The good and bad outlook for Chinese shipbuilding

2016-01-18

The year 2015 rounded out with not much good news for China’s shipbuilding sector, which is gripped by a protracted slowdown since the onset of the 2008 global financial crisis. How will the Chinese shipbuilding market fare in 2016? Maybe both good and bad.

The bad news is that more Chinese shipyards, in particular privately-owned enterprises, are expected to go bankrupt or shut down due to debts or simply having no new orders to sustain operations.

With more than 3,000 shipbuilding enterprises, mostly speculative yards, counted at the start of 2010, that number has drastically dwindled to only around 300 today, and only a little more than 100 yards have active day-to-day operations.

Ren Yuanlin, executive chairman of Yangzijiang Shipbuilding, which remains profitable despite the challenging market, has predicted that China will eventually be left with 20 to 30 shipbuilding companies after the severe consolidation period for the industry is over, and it could still be a few years away.

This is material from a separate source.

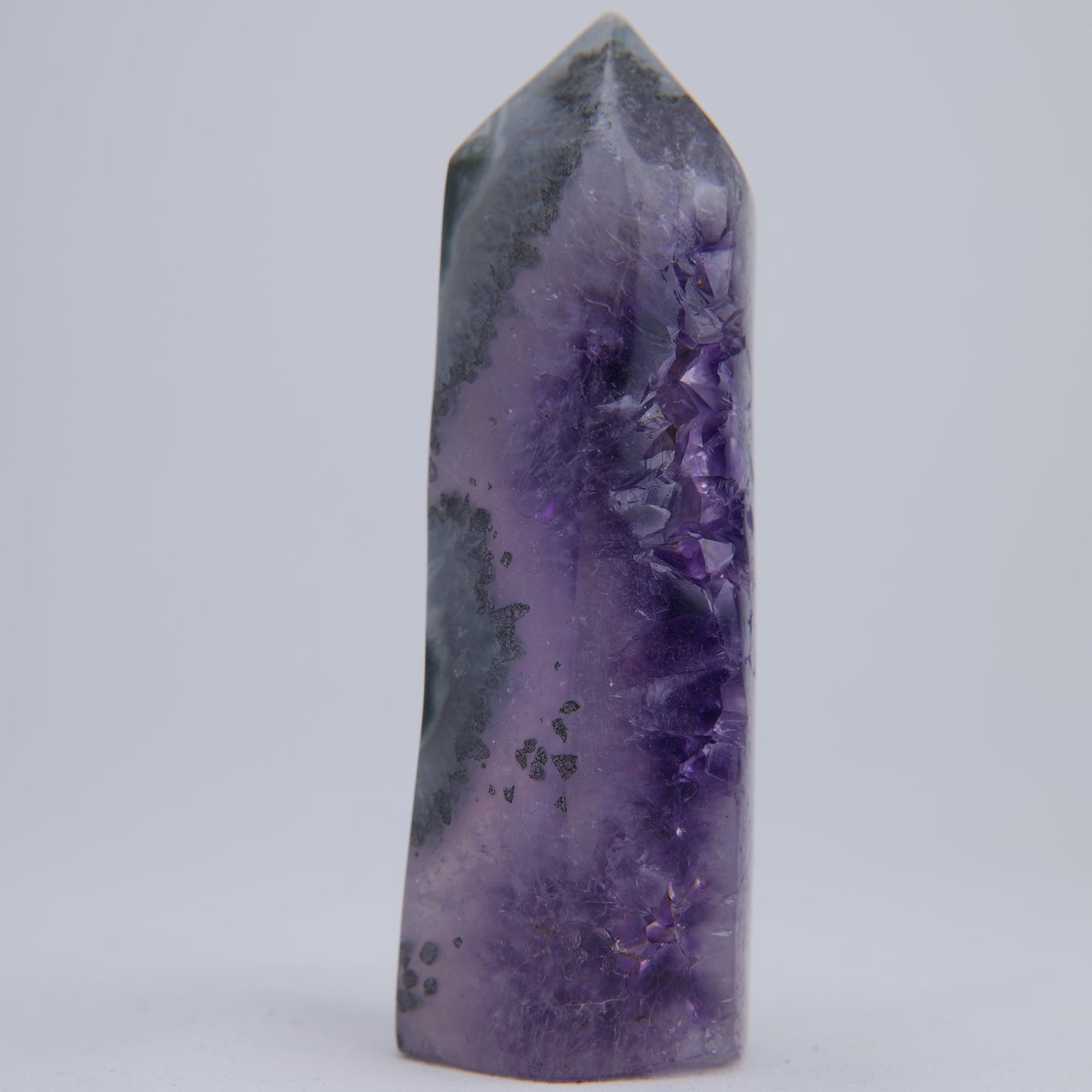 Uruguay Amethyst Druzy Point - 225g - Luna Panther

China’s shipbuilding statistics reveal an ominous sign that Ren could be right. In the first 11 months of 2015, China Association of the National Shipbuilding Industry (Cansi) reported that 54 of the country’s leading shipyards received 92.5% market share the country’s newbuilding tonnage, meaning that easily a few hundred other yards from among the estimated 300 have gotten zero new orders for the entire year.

Last year alone, Seatrade Maritime News reported that four Chinese shipyards filed for restructuring, namely Jiangsu Eastern Heavy Industries (JEHI), Zhejiang Judger Shipbuilding, Wenzhou Yuandong Shipyard, and Zhenghe Shipbuilding. In addition, Nantong Mingde Heavy Industry and government-backed Wuzhou Shipyard were declared bankrupt, STX Dalian Shipbuilding was liquidated, and Rongsheng Heavy Industries now renamed China Huarong Energy is hanging on by a thread from bankruptcy.

Another yard Sainty Marine is also on the verge of bankruptcy, and only a miracle could save it going by its problems of order cancellations, frozen bank accounts, resignation of key executives, lawsuits, unpaid debts, and suspension of shares trading.

The outlook for China’s shipbuilders is further shadowed by the Baltic Dry Index (BDI) consistently setting new lows since the start of this year. And with bulk carriers accounting for 41.6% of Chinese shipyards’ $26.6bn orderbook as of 1 December 2015, according to Clarkson’s data, their exposure to this particularly weak shipping sector will have a negative knock-on effect.

But what of the good news? With industry observers always citing that shipping, including shipbuilding, is a cyclical market, the upturn for China’s shipbuilders when it eventually comes, is anticipated to see a reformed, leaner and more competitive shipbuilding industry.

China’s state-owned shipbuilders and China State Shipbuilding Corporation (CSSC), for instance, have responded to the declining new orders by consolidating its various yard subsidiaries so as to streamline operations and maximise facility utilisation.

With state-owned corporations undergoing reform to tighten operations and the weeding out of speculative yards and the bottom-rung private enterprises, the survival of the handful of shipyards is not by chance.

Owners, who are themselves cash-strapped and cautious with placing new orders, are not about to approach unknown and less reputable yards to construct their new ships, and they would also require the vessels to be more technologically advanced and energy efficient. This goes back to answer why more than 90% of new orders are concentrated in the handful of supposedly better Chinese yards.

It is easy to see the obvious woes for Chinese shipyards, but there is always two sides to a story. And when the unforgiving consolidation is over possibly leaving less than 30 shipyards in China, the country could well be a shipbuilding powerhouse boasting of price competitiveness and quality.